#### Problem
Show all lines of the listing that contain the word "Image".

#### Source material
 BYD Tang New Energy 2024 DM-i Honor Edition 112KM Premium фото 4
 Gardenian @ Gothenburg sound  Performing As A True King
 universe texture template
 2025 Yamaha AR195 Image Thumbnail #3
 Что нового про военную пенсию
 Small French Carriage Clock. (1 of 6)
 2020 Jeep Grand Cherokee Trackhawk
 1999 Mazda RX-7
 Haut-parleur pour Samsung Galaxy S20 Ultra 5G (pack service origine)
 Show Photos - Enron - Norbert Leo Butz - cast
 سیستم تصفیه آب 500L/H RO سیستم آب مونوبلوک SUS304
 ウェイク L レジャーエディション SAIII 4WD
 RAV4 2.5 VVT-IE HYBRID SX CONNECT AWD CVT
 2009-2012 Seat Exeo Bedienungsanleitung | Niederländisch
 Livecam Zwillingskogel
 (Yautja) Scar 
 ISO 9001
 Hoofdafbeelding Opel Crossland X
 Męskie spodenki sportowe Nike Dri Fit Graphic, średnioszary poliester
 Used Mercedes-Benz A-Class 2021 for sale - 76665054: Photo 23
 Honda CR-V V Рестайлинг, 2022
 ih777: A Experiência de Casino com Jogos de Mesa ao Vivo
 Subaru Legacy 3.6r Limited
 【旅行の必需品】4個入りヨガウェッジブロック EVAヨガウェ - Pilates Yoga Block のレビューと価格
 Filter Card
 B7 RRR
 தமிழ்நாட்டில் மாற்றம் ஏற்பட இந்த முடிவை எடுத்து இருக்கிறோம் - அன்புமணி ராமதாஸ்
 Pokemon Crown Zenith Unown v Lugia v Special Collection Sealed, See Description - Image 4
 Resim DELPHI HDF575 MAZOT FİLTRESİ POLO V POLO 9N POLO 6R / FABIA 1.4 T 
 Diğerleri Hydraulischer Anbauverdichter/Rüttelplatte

#### Response to this task
 2025 Yamaha AR195 Image Thumbnail #3
 Pokemon Crown Zenith Unown v Lugia v Special Collection Sealed, See Description - Image 4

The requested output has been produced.